Right now the term gigasphere is largely marketing hype. If you have fiber to your home or business, then with the right electronics you can get gigabit speeds. But cable systems have a long way to go before they can offer gigabit speeds over coaxial cable. There is already talk of cable companies offering gigabit products, such as the recent announcements from Comcast. But these speeds are not being achieved using coaxial cable and DOCSIS 3.1, they are using fiber – something Comcast doesn’t highlight in their marketing.

With enough upgrades and money, the cable systems can eventually achieve gigabit speeds on their coaxial networks. But for now their speeds are significantly less than that. A cable company faces a long and complicated path to be able to offer gigabit speeds over coaxial cable. Their biggest hurdle is that the bandwidth on their cable systems is mostly used by TV channels, and only empty channel spaces can be used for data. DOCSIS 3.1 allows a cable system to join together the spare channels on their network into one larger data pipe.
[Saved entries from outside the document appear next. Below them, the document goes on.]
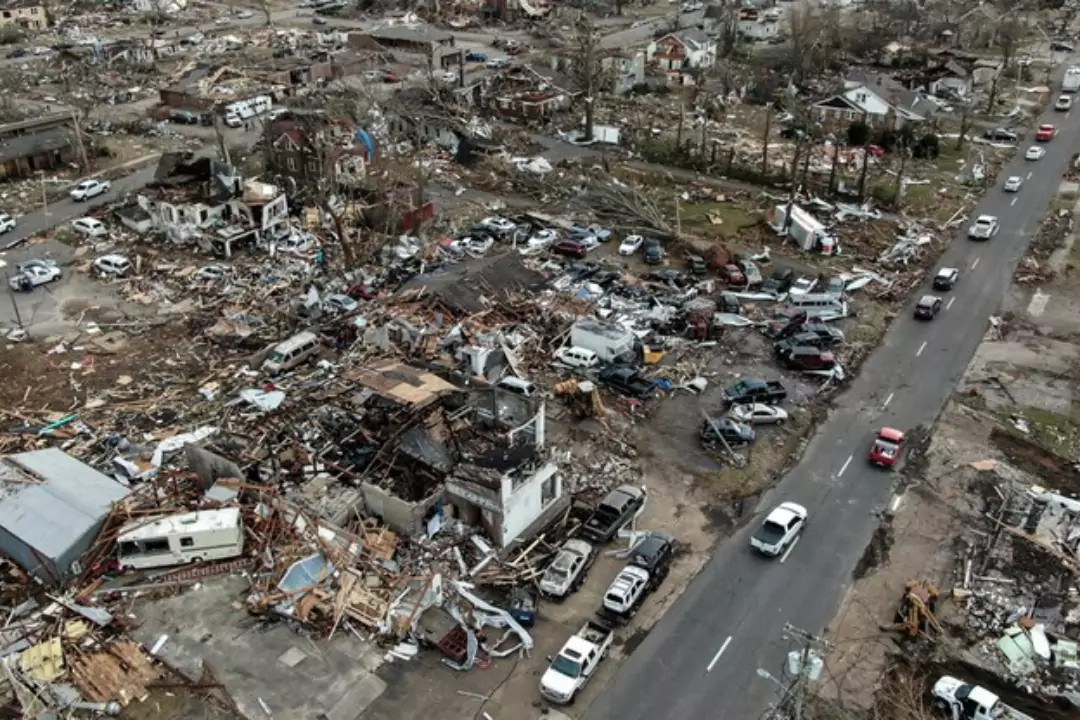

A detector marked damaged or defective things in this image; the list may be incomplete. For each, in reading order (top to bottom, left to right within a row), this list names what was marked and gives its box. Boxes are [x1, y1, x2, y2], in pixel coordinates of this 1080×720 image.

damaged roof [396, 253, 548, 316]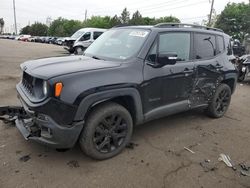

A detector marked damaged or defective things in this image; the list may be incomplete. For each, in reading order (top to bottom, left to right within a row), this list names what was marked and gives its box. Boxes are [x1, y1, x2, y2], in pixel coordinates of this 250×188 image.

crumpled hood [21, 55, 120, 79]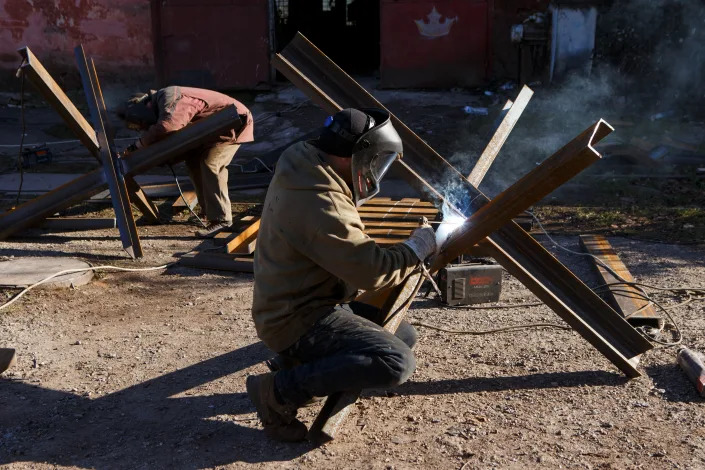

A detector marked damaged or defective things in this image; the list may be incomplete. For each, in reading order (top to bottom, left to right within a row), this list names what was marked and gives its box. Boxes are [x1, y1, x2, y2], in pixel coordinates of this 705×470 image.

rusty steel beam [16, 46, 160, 224]
rusty steel beam [75, 46, 142, 258]
rusty steel beam [0, 104, 243, 241]
rusty steel beam [276, 35, 656, 442]
rusty steel beam [468, 85, 532, 188]
rusty steel beam [428, 119, 612, 270]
In order to get to gigabit speeds a cable company has to convert all of the channels on its network to digital, something most of them have already done. But further, they are going to need to treat them the same as TV on the web – transmitting them as raw data instead of as individual channels. Cable systems today use a broadcast technology, meaning they send all of the channels to customers at the same time. But if they convert to IPTV they can send each home just the channels they want to watch, which would massively condense the system bandwidth needed for television.

But this conversion is going to be costly and the equipment to do it is not yet readily available. CableLabs is working on this technology and it ought to be on the market in a few years. But that change alone is not the whole price of conversion. An IPTV system will require all new settop boxes, and in many systems a major reworking of the power taps and other components of the outside cable network. I don’t see many cable companies rushing towards this expensive conversion unless they are in a market where it is competitively necessary.

So for now, the gigasphere is mostly a marketing phrase. But it’s one that you are going to start hearing all of the time in relation to cable system data capabilities. This will obviously confuse the public who will assume that gigasphere means that they will be able to buy gigabit speeds from their cable companies, when they almost certainly cannot.

It’s not like cable companies don’t have fairly fast data capabilities. Most urban systems today are already capable of speeds in excess of 200 Mbps download. And there are systems working to get to 500 Mbps, which is probably about as fast as you can go without converting to IPTV. But it seems the marketing folks in the industry are counting on the fact that customers won’t know the difference between the various flavors of fast and will be happy with their gigasphere products. And they are probably right. Where’s my 500 Mbps cable modem?